---------- THE DATA ----------

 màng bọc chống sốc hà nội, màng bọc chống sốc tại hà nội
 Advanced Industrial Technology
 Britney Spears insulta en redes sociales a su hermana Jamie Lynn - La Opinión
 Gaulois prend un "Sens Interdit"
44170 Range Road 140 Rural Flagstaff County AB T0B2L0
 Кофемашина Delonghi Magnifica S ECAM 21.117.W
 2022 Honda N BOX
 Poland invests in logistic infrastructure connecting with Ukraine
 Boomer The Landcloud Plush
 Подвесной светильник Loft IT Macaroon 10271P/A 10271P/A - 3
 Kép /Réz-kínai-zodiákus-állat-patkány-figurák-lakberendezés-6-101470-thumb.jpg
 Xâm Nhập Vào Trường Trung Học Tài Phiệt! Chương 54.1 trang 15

----------
---------- THE DATA ----------

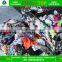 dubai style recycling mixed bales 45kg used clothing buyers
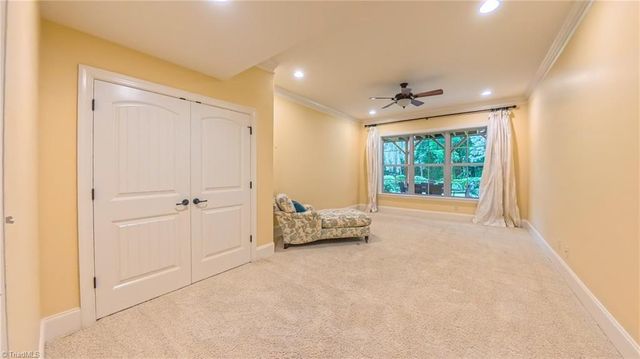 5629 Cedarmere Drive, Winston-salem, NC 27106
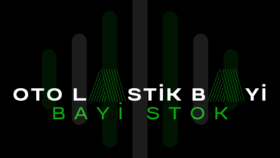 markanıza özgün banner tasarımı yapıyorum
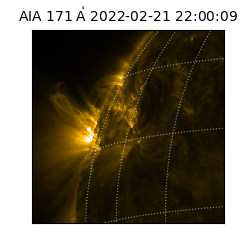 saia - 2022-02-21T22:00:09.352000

----------
---------- THE DATA ----------

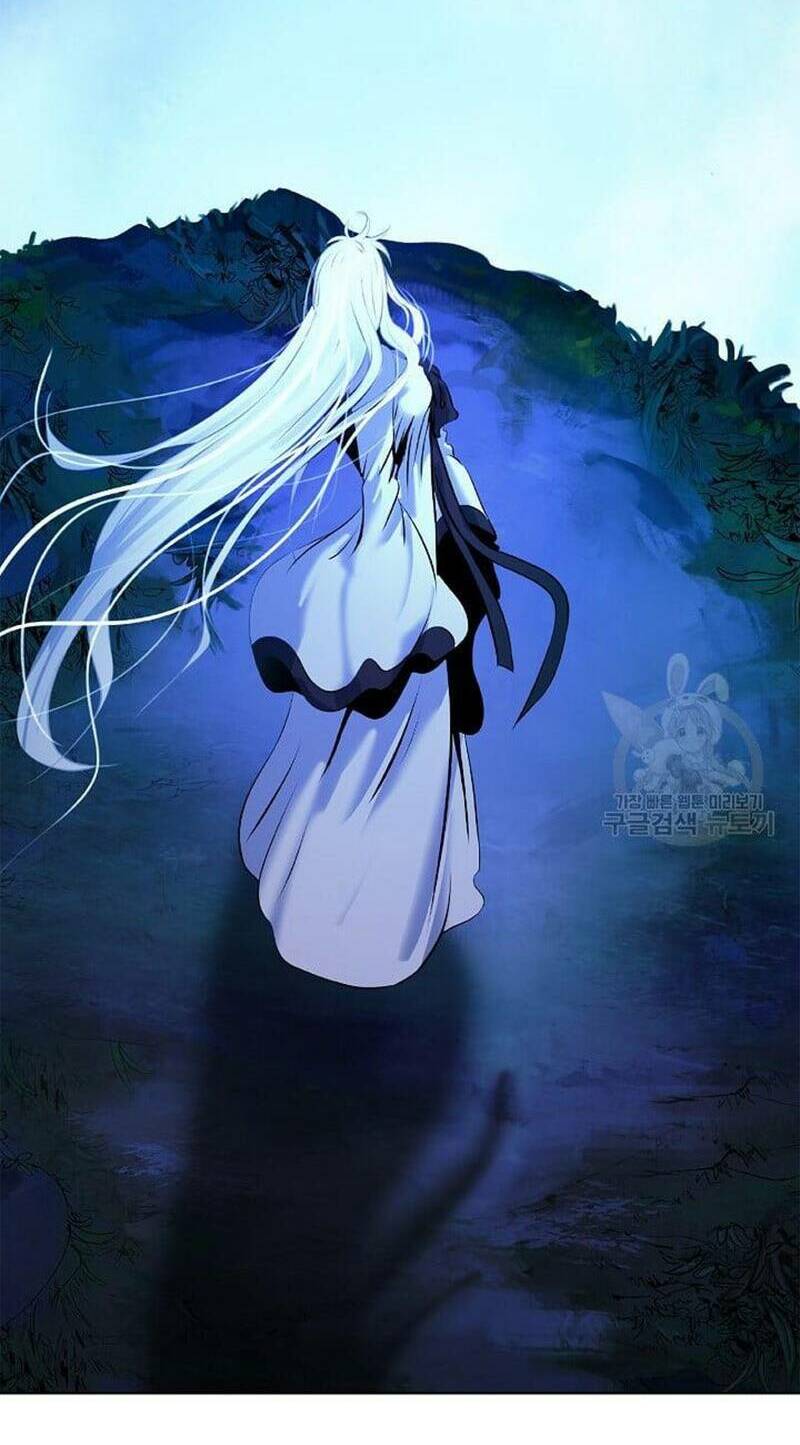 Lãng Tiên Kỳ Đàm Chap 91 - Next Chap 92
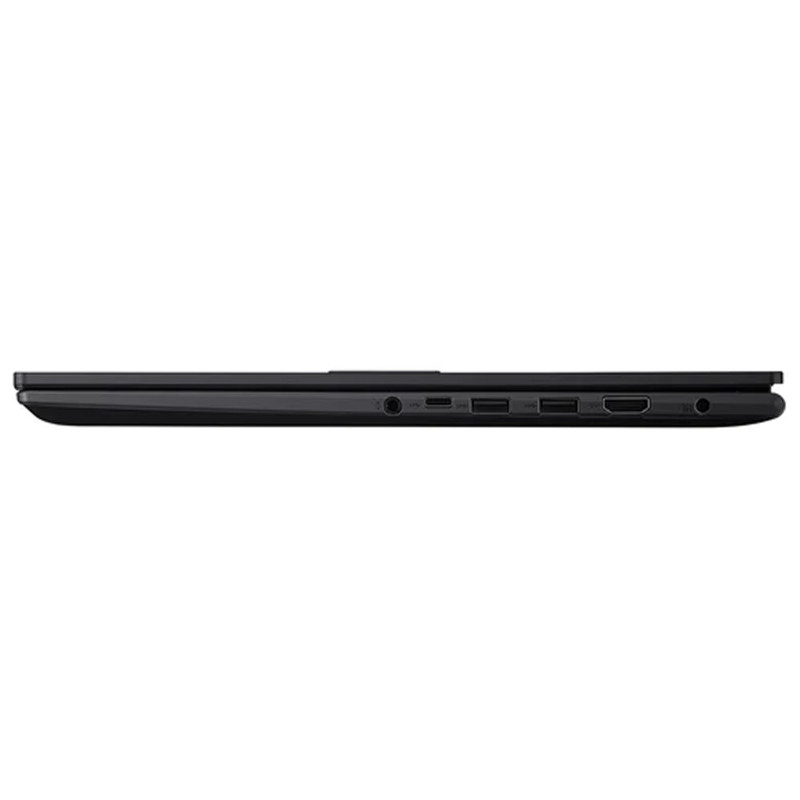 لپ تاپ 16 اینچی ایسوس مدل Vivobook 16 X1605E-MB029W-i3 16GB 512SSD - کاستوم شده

----------

▸ **INSTRUCTIONS TO FOLLOW**
Return a word-for-word copy of the lines above from the one holding "màng bọc chống sốc hà" through the one holding "44170 Range Road", with both of them included and nothing besides.

▸ **ANSWER TO THE EXERCISE**
 màng bọc chống sốc hà nội, màng bọc chống sốc tại hà nội
 Advanced Industrial Technology
 Britney Spears insulta en redes sociales a su hermana Jamie Lynn - La Opinión
 Gaulois prend un "Sens Interdit"
44170 Range Road 140 Rural Flagstaff County AB T0B2L0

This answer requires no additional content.